Il modello di seminatrice utilizzato in Cina era al tempo stesso semplice, efficace e versatile (per es., la tramoggia e i pattini per la semina potevano essere, se necessario, rimossi dal telaio e sostituiti da lame di zappa); questa era fabbricata quasi interamente in bambù, priva di componenti metallici, a eccezione dei pattini per la semina, e dotata di un meccanismo di distribuzione realizzato, nei modelli più complicati, con uno spago, un pezzo di canna e un ciottolo. Di fatto la seminatrice cinese non aveva punti deboli e per questo motivo rimase in uso sino all’avvento dell’agricoltura meccanizzata.

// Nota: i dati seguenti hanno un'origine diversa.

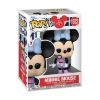 Picture of Funko Pop! Disney: Mickey & Friends - Minnie Mouse #1623 Vinyl Figure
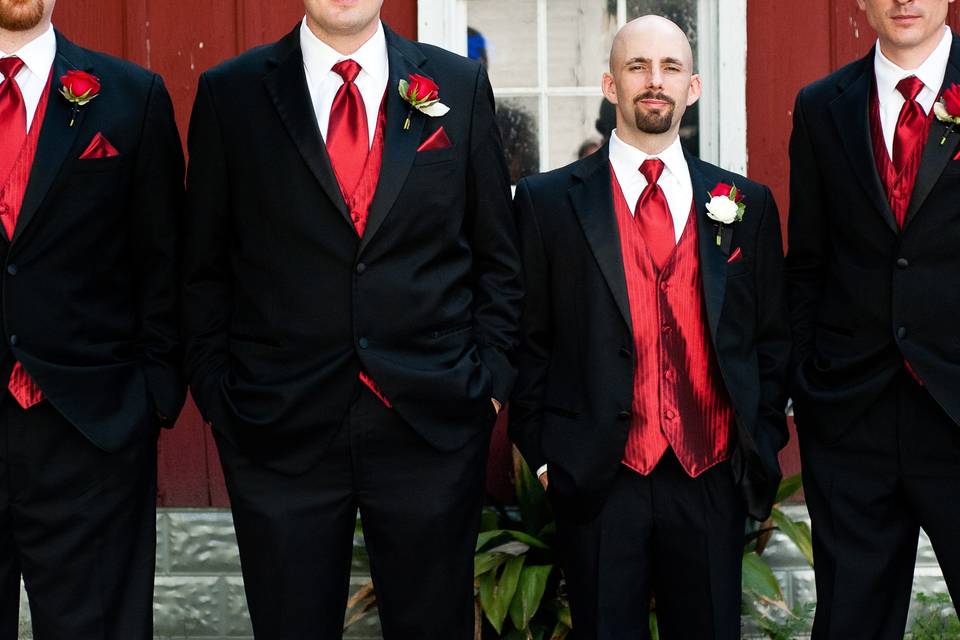 Beverly Demafiles Photography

È interessante, a tal proposito, mettere a confronto l’esperienza cinese con i primi tentativi occidentali di realizzare una macchina seminatrice, effettuati a Venezia e a Bologna nel XVI secolo. È probabile che gli ingegneri italiani non sapessero nulla dei modelli di seminatrice usati da tempo immemorabile in Asia; il loro scopo era quello di tentare di migliorare la semina a mano dei singoli granelli. Il metodo europeo di ricerca delle soluzioni, basato su un approccio ingegneristico e non artigianale, era profondamente diverso da quello asiatico; fin dall’inizio gli inventori europei s’indirizzarono verso la realizzazione di macchine a ruote dotate di un meccanismo a ingranaggi per la distribuzione dei semi, ma i problemi tecnici posti dal progetto si rivelarono insormontabili per gli ingegneri dell’epoca e, nonostante il vivo interesse per i vantaggi della coltivazione a righe diffuso tra gli agronomi, l’uso della seminatrice si affermò in Occidente soltanto durante il XIX secolo.